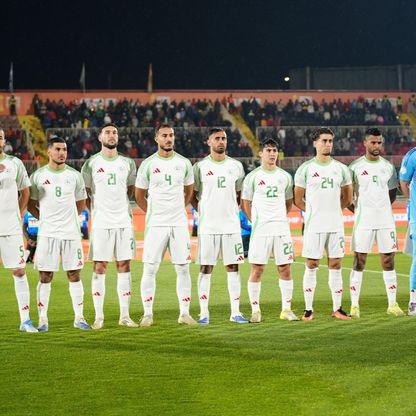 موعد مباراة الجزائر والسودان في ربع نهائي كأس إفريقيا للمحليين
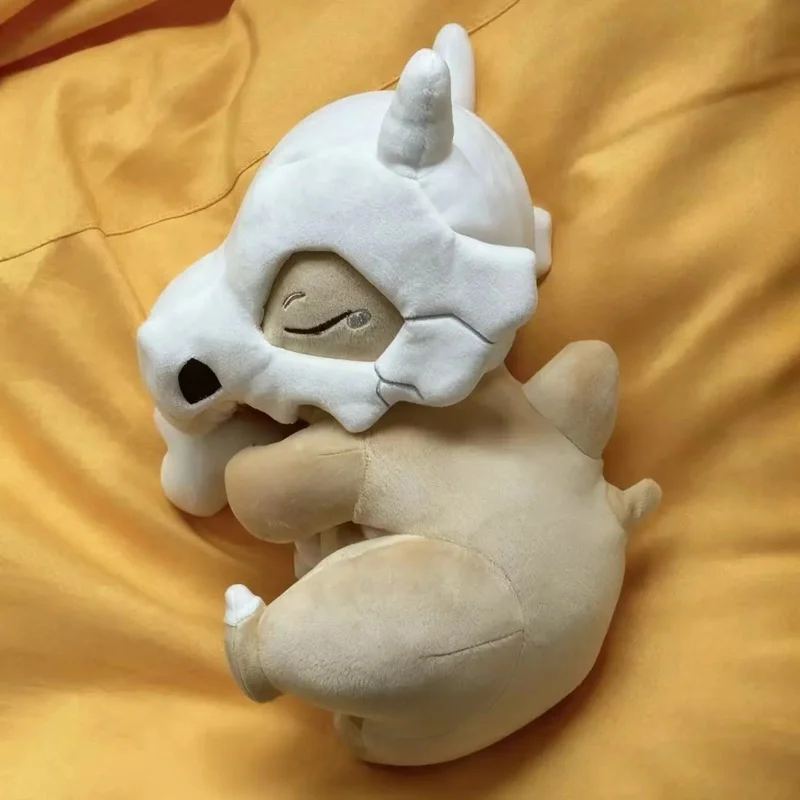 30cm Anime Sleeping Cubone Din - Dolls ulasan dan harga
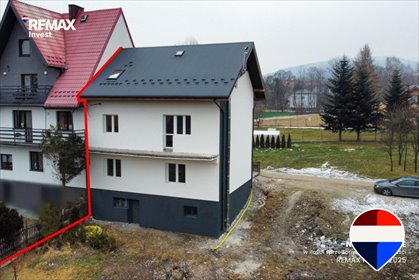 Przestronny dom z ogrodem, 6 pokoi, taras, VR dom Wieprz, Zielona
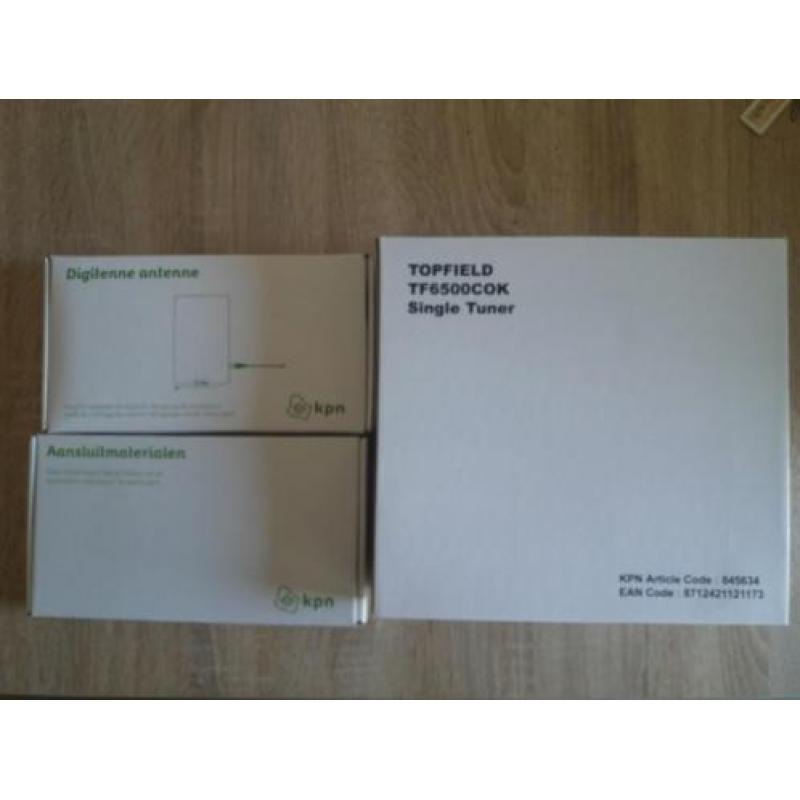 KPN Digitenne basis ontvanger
==
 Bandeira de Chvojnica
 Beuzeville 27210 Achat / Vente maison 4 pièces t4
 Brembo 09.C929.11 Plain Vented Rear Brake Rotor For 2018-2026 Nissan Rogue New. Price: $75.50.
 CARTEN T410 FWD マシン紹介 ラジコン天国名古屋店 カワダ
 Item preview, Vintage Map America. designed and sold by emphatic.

| WHAT YOU ARE ASKED TO DO |
Look through the listing above for the line with "Przestronny dom z" and the line with "KPN Digitenne basis ontvanger". Write out exactly those lines and everything between, leaving out pictures.

| OUTPUT OF THE EXERCISE |
 Przestronny dom z ogrodem, 6 pokoi, taras, VR dom Wieprz, Zielona
 KPN Digitenne basis ontvanger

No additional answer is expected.